Other factors as well were also noted but not corrected for which artificially reduced the government’s estimate. The national survey that the government relied upon found one percent of the respondents refused to answer questions about firearms ownership and three percent of reported that they hunted or shot targets, but did not own a firearm (GPC Research, 2001). Adding these percentages to the share admitting to firearms ownership marginally increases the estimates.

Even after 20 years, many gun owners remain outside the system, according to a recent Angus Reid survey.

About twice as many respondents admit to being firearms owners in a recent Angus Reid national survey as hold a Possession and Acquisition Licence (PAL). The RCMP Firearms Program announced that 2,186,161 PALs were valid at the end of 2018. However, an Angus Reid survey (June 2019) found 14% of Canadian adults reported owning a firearm. This gives about 4.2 million firearms owners according to Statistics Canada estimation of the adult population on July 1, 2019.

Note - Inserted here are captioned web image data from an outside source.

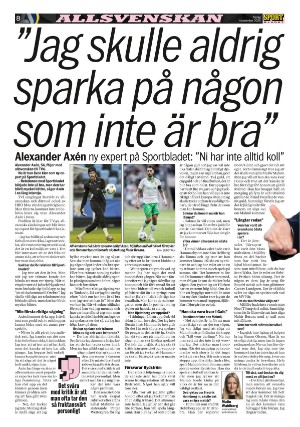 aftonbladet_sport-20251104_000_00_00_008.pdf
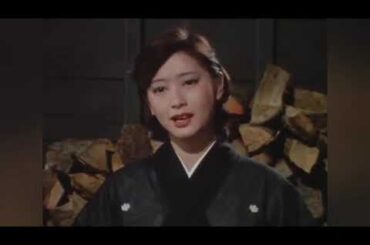 まぼろしの人対決🆚悪魔の手毬唄5話、多くのご視聴ありがとうございます😄第1話は夏目雅子 村雨美紀 大家彩香です🙂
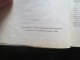 R. Gruss- 1943 Petit Dictionnaire De Marine. Ouvrage Illustré De 80 Planches Hors Texte D´après Les Dessins De L Haffner - Dictionnaires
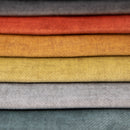 Tecido_veludo_para_forrar_estofar_tons_amarelo_Texland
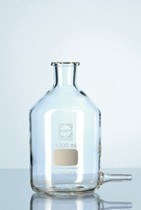 Bild von 500 ml, Levelling bottles
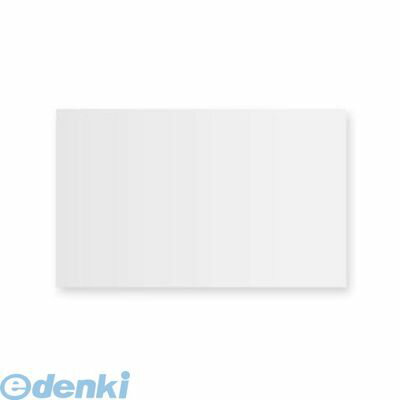共栄プラスチック C-201.C C−201・C−202用 タッグ名札替紙 100枚 C201.C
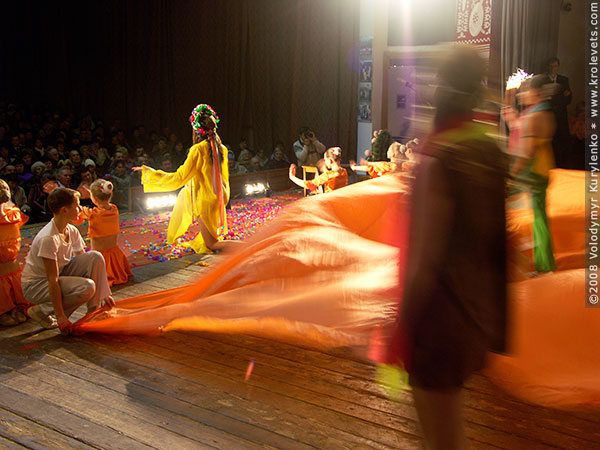 ���������, ������� �������, ������. ������ � ����� ���� �� �����, �� ��������� ���� �����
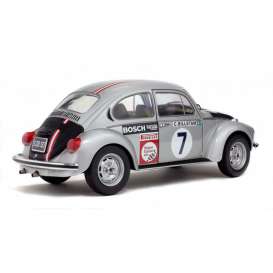 Volkswagen  - grey - 1:18 - Solido - 1800503 - soli1800503 | Toms Modelautos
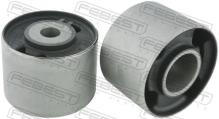 FEBEST NAB-Y62DM-KIT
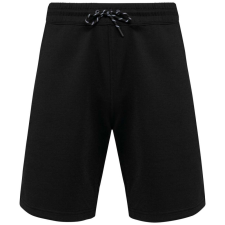 PROACT PA1028 MEN&amp;- 039;S SHORTS XS férfi rövidnadrág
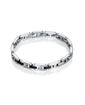 Imágen de PULSERA VICEROY FASHION ESLABONES ACERO CUADRADOS SR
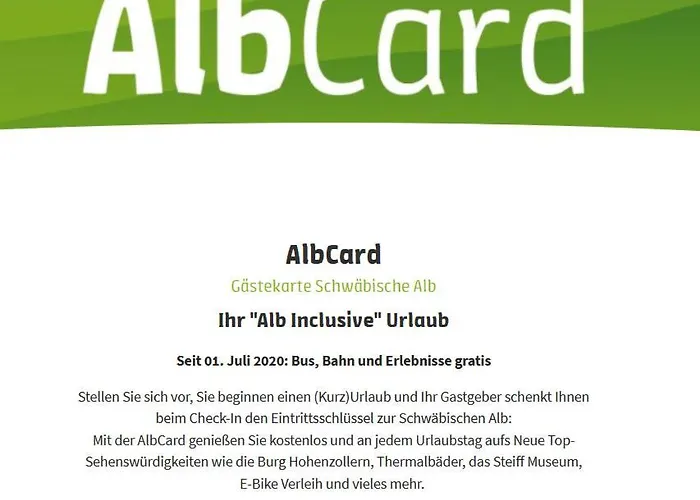 Zur Sonne 3* Bodelshausen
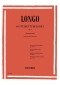 alessandro-longo-40-studietti-melodici-op-43-pno-_0001.JPG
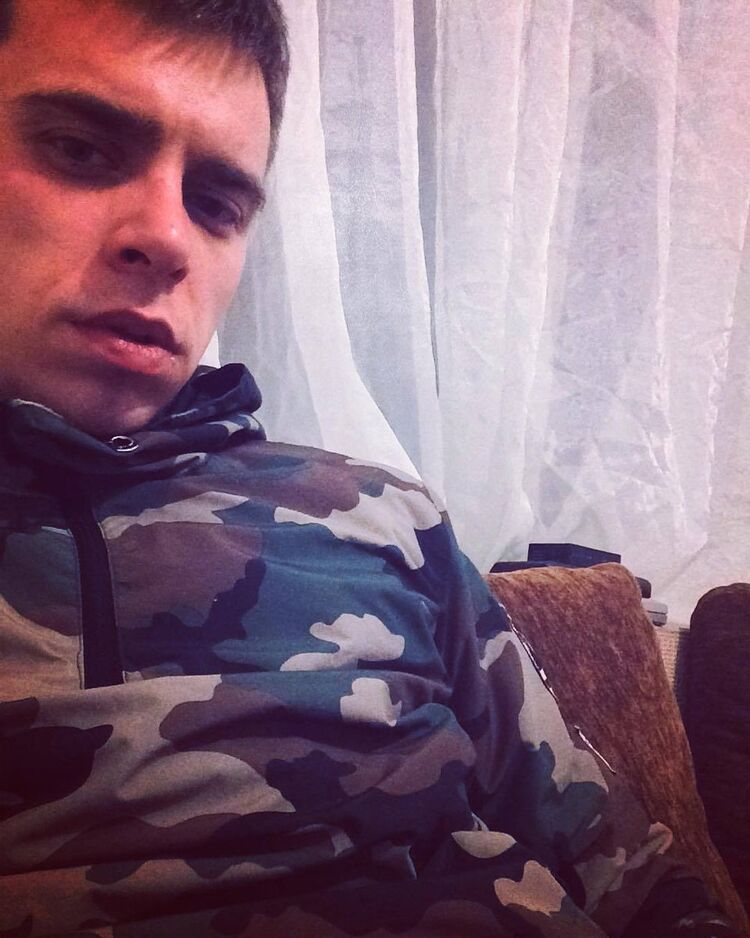 ���� 15221580 ������� ���������, 31 ���, ���� ���������� � ������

Firearm Owners (%)Adult PopulationFirearms OwnersOwners with PAL (%)
Angus Reid14%30,366,6224,251,32751.4%

A final example suggests that even fewer Canadians will surrender their firearms. Back in the early 1990s, just 10% of scary-looking semi-automatic firearms (like the FN FAL) were registered when then Prime Minister Kim Campbell re-classified them from non-restricted to restricted. This is based on comparing a personal statement by Al Lever, then owner of Lever Arms in Vancouver, on his import stats with the number of newly restricted converted automatics reported by the RCMP that were registered.


While illegal, many Canadians will not comply simply because they may not be aware that they should surrender a firearm they may have owned for a considerable period. This is not possible of course for registered firearms. However, in that case, the law provides for an appeal. The appeal may be rejected but the government is obliged to process all appeals. Outright refusal invites arrest and forcible confiscation of the newly prohibited firearm. Depending upon local police policy, this may well involve dynamic entry at 3 am, as happened in New Zealand.

It is not advisable to make a false claim that the firearm in question was lost or fell into a deep lake somewhere while drunk. Doing so is admitting to a criminal act. Not reporting a lost firearm ‘with reasonable dispatch’ risks 5 years in prison.

However it is legal to report to the police, if contacted, that the firearm has been previously sold, and you have no records. Records are not required for non-restricted firearms, so this is perfectly legal. Unfortunately, this is not possible with a restricted firearm due to its registration. Sales must be reported.